There are so many random events in this game. It’s likely you could go a few games without seeing too many of the same ones reoccurring. This gives the game so much replayability. As does the amount of investigators and Great Old Ones. Even when you play against the same Great Old One, which each alter the game in some unique way, it doesn’t feel like the same game you played last time.
Pros: +Challenging, +Choices, +Replayability, +Items, skills & allies, +All players contribute
When I started reading stories on the Cthulhu Mythos, one of the most frustrating things I encountered was not knowing which order to read them in. I spent hours scrolling through online trying to make some sort of sense of it all. Eventually, I gave in and just started reading stories that sounded interesting. While the stories I read where mainly standalone, a few interesting themes crossed over and I started to connect the dots. What I couldn’t have realised at the time is how I had become involved in an unintentional roleplay. The stories are written as though they are journal entries or reports. You’re reading through these stories and learning about the world in a similar way as the characters in the stories are learning about it. You search far and wide for the stories, much like they do. It’s an intriguing interaction, and I absolutely adore it.
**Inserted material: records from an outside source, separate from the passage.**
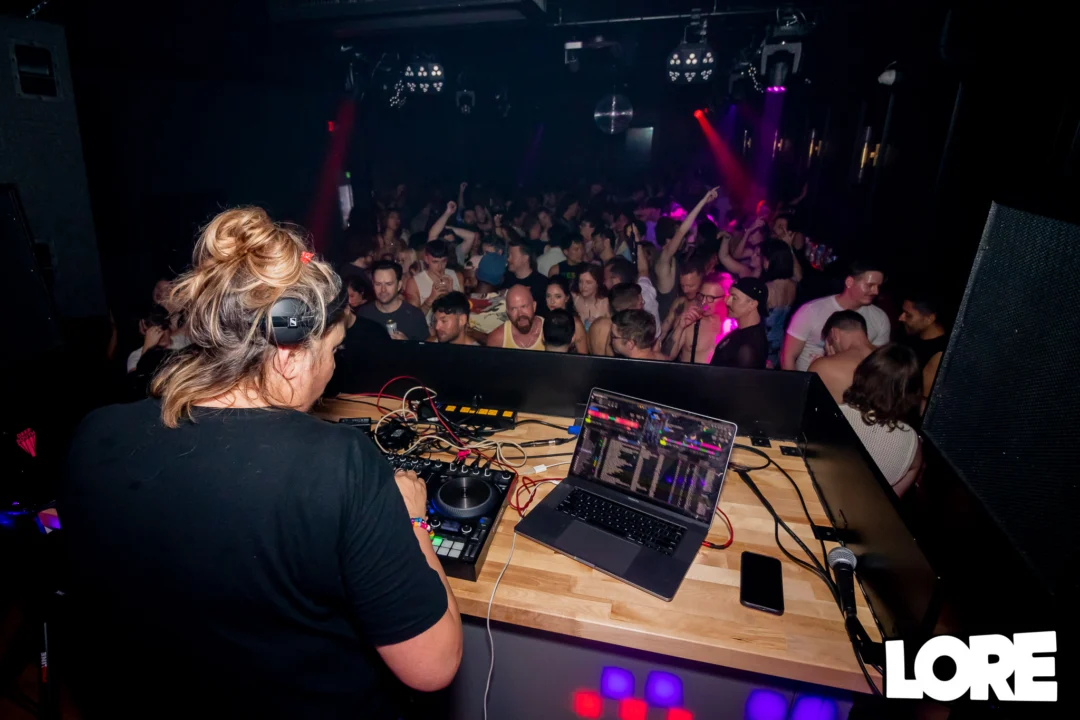 Hot Mess - dance pop party - June 2025 - Kimber was the DJ - Photo by @hellacurious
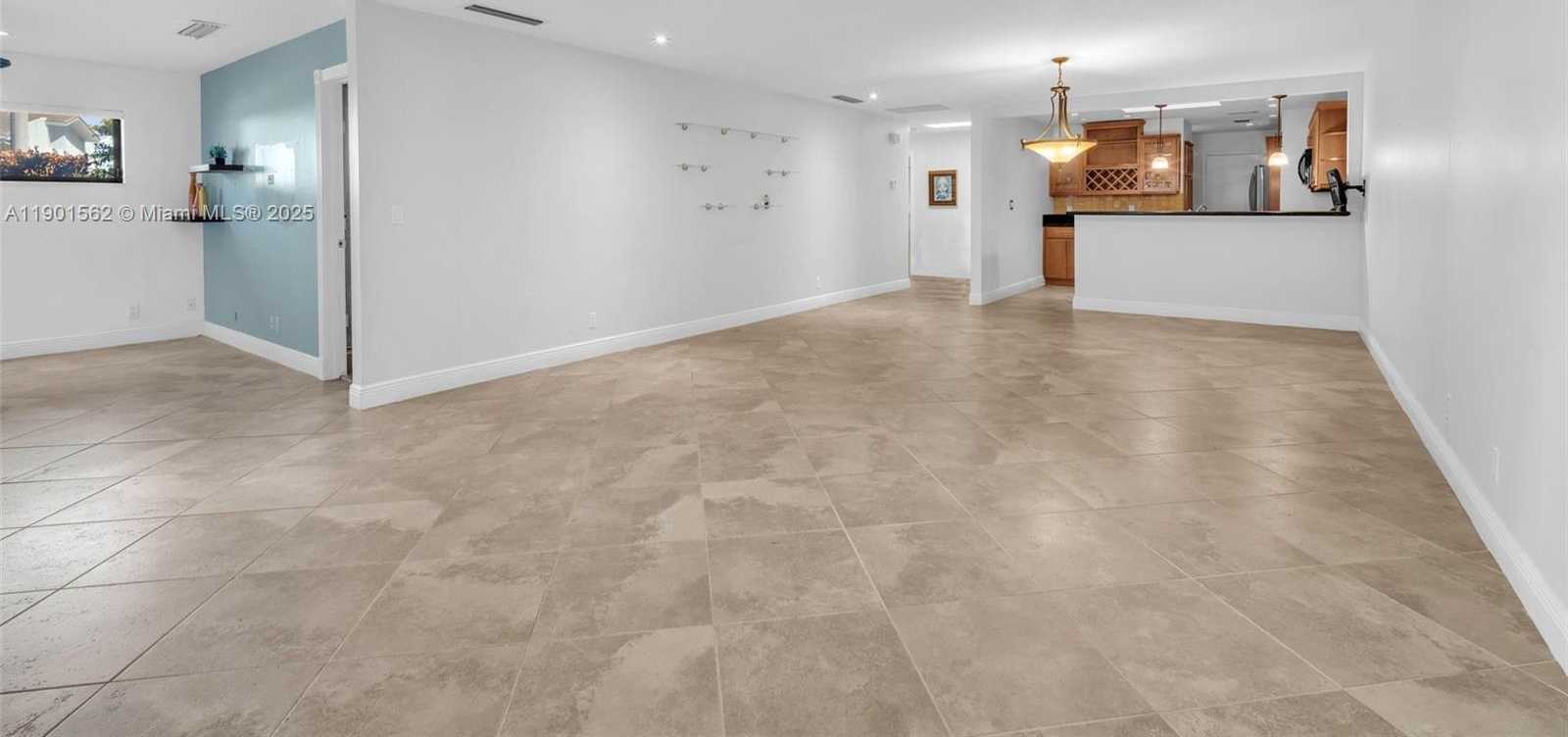 Small Image of 201 DUNWOODY LN #17-87, Hollywood Number 10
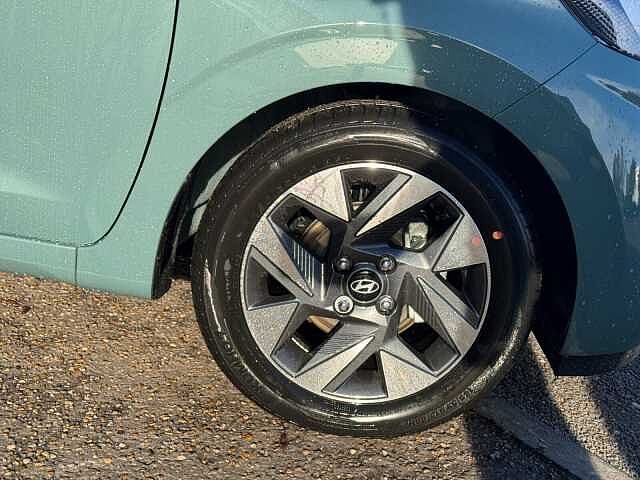 Hyundai i10 1.2 [79] Advance 5dr [Nav]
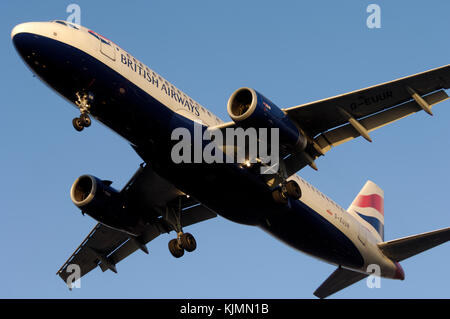 IAE V2527-A5 motore gusci, nosewheel e mainwheel sottocarro di British Airways Airbus A320-200 sul finale-APPROCCIO Foto Stock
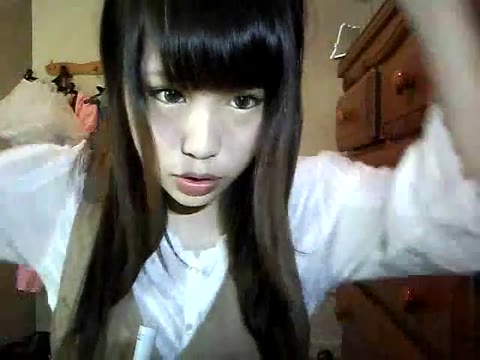         【リモ】ニコ生で切り忘れて着替えだす女性
    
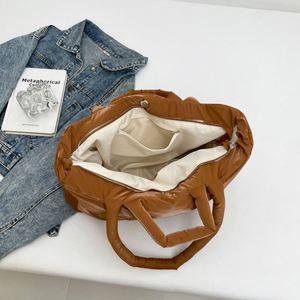 Sac fourre-tout unisexe élégant et décontracté, style simple, à porter à l'épaule ou sous le bras, effet nuage, brillant, imperméable, doux, durable, avec fermeture éclair en nylon - Product Image 4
A few of the concerns I’ve heard leveled at this game is that the events can be somewhat disconnected. I really don’t understand that. While it’s true that not all the events form a coherent narrative that weaves into one another; the books don’t do that either. There are connections that may not be initially clear, or oddities that merely exist in the world due to the Great Old Ones. The game feels very thematic. There’s so much crazy in the world. And as the town becomes slowly aware of what’s happening, people flee and stores close. It makes me think of playing games like Dark Corners of the Earth.
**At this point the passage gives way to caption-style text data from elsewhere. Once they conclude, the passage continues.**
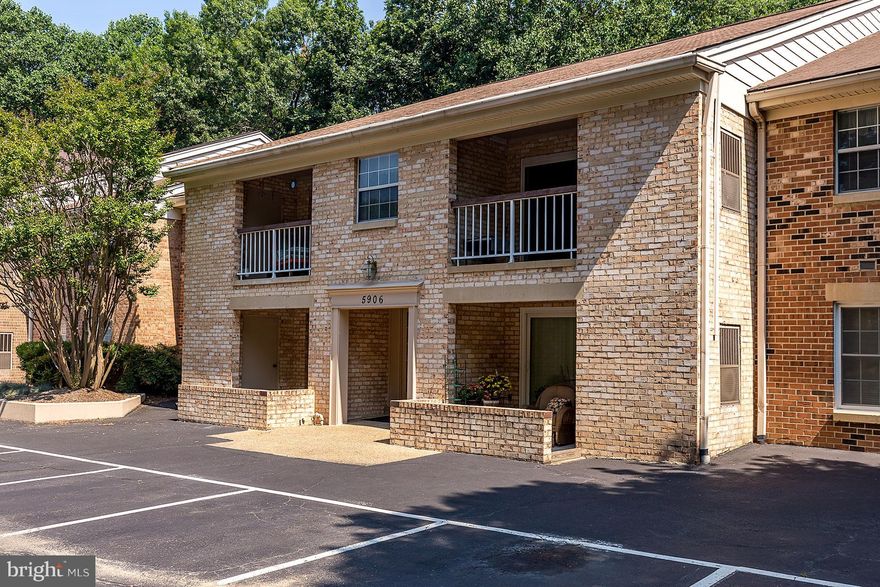 Beautiful & bright 2 bedroom, 2 bath condo located in Burke. Updated eat-in kitchen with granite countertops, stainless steel appliances, and hardwood flooring. Open floor plan with an inviting living room, great for entertaining. Spacious master bedroom with dressing area and multiple closets. Additional bedroom with full bath. Patio backing to woods. 1 assigned parking space. Quiet neighborhood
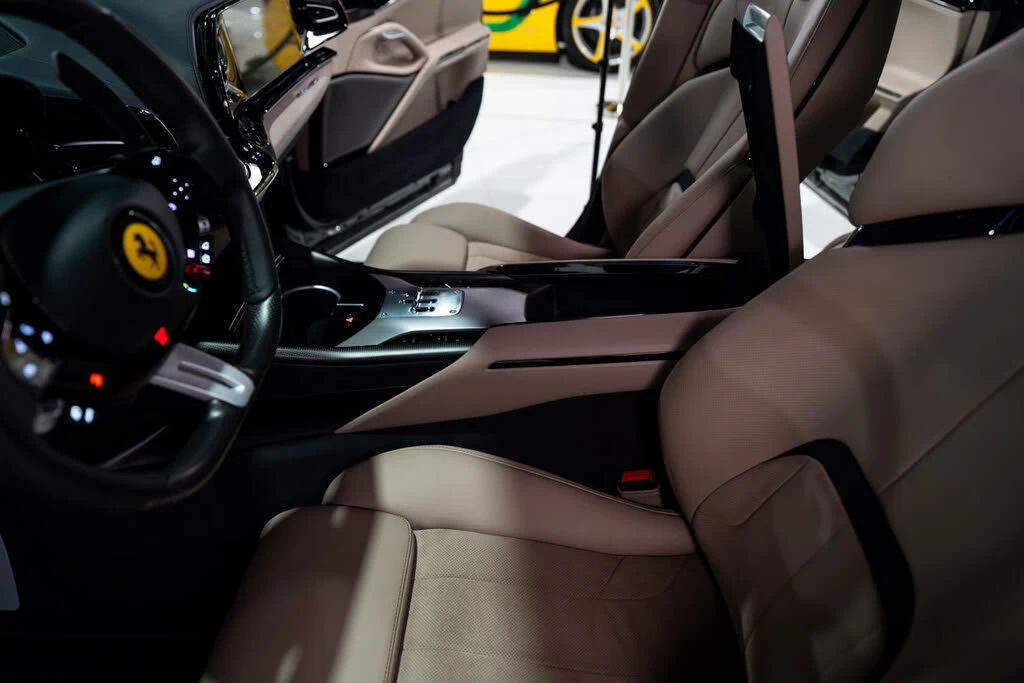 2025 Ferrari Purosangue - Image 26 of 31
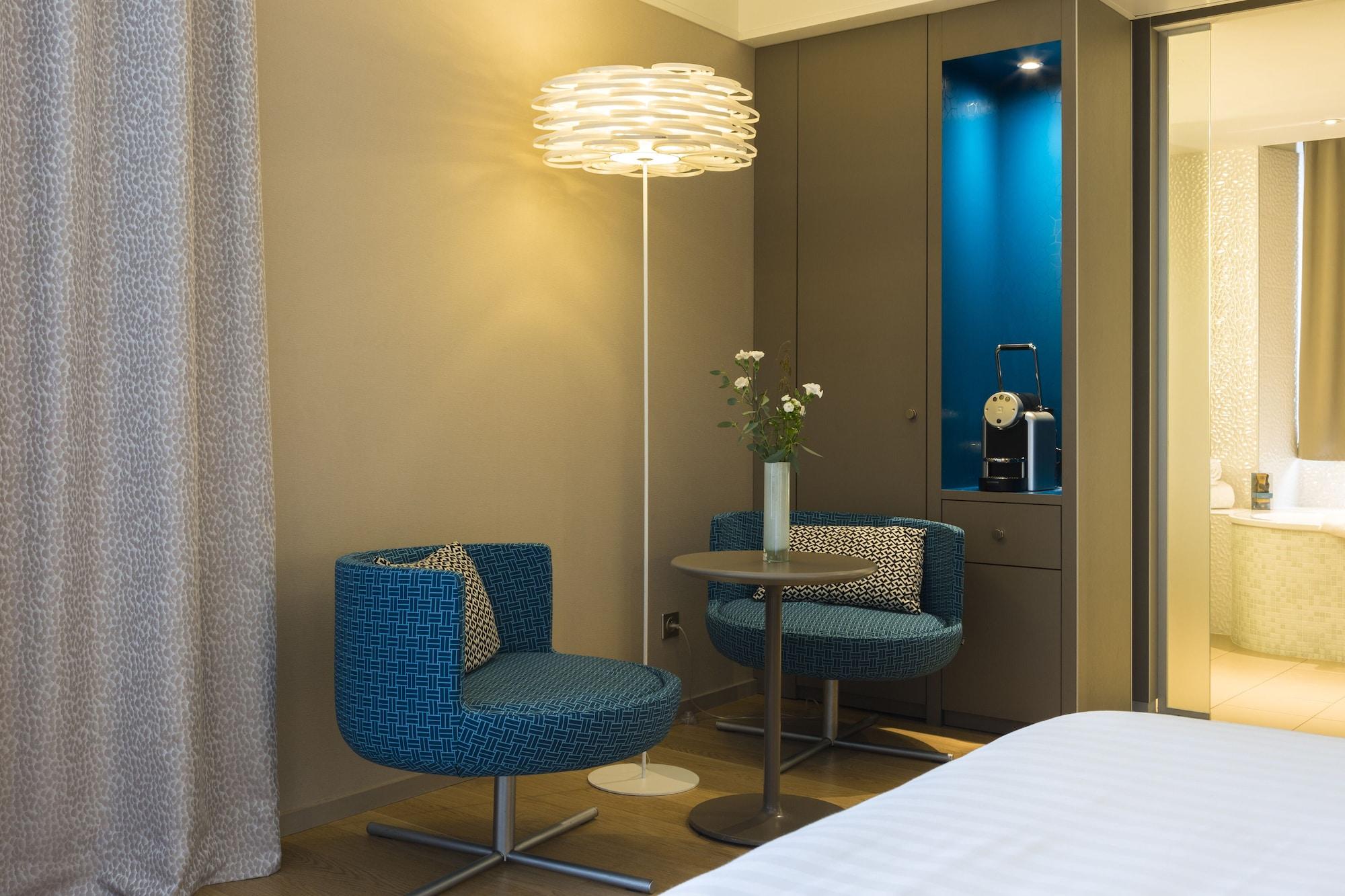 Oceania L'Hotel De France Нант Экстерьер фото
Being able to shift your skills is really interesting thematically. I don’t see it as you getting better or worse at something, but rather that what you’re focusing on is changing. Given that what you’re using to shift your skill is called ‘focus’, I don’t feel like I’m taking too large a leap. Say for example you need to sneak past a witch; well you’ll have to move slower so of course your speed will take a hit. The one that doesn’t seem to fit this as well is your lore or luck. But I’ve heard it philosophised that luck is merely the ability of a person to recognise an opportunity. So maybe you’re either thinking about academia or you’re more observant in the moment? I dunno…I’m going with it.
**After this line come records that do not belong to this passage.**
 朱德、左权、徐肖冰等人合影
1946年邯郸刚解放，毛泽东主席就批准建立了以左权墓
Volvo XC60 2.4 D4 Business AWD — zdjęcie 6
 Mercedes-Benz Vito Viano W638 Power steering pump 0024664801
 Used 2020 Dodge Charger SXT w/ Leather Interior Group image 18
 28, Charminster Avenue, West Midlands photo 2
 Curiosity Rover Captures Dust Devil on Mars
With all the different locations and flavour in the game, it feels as though you really are exploring the city and uncovering just enough about the intriguing secrets to make a difference. While a few cards really feel like they took the easy way out with very little flavour, that’s definitely the exception and not the rule.
I really dislike the fact you can fight majority of the Great Old Ones if they awaken. This feels like a huge breach in the cannon of the game. They are supposed to be these enormous ancient creatures that if awoken will spell doom to the human race, but we’ve had strategies that involve stocking up on weapons and waking the thing up from its nap in order to smack it down and win the game. That’s just such a huge breach in theme to me. What should have been the case is a very small number of them should have been fightable, but commonly they should have more significant effects while they’re sleeping and immediately punch your mortal ass into oblivion if they wake up.
You know… something bothers me about the end of this game. It feels very anti-climactic. Normally this will involve a roll to close that final gate. But as hard as the game is, you usually know you’re going to win in the next two or three turns. And when you do it’s like “yep. We’re done.” Maybe some kind of storyline script at the beginning and end for each of the Great Old Ones would have helped to tie that in a little nicer.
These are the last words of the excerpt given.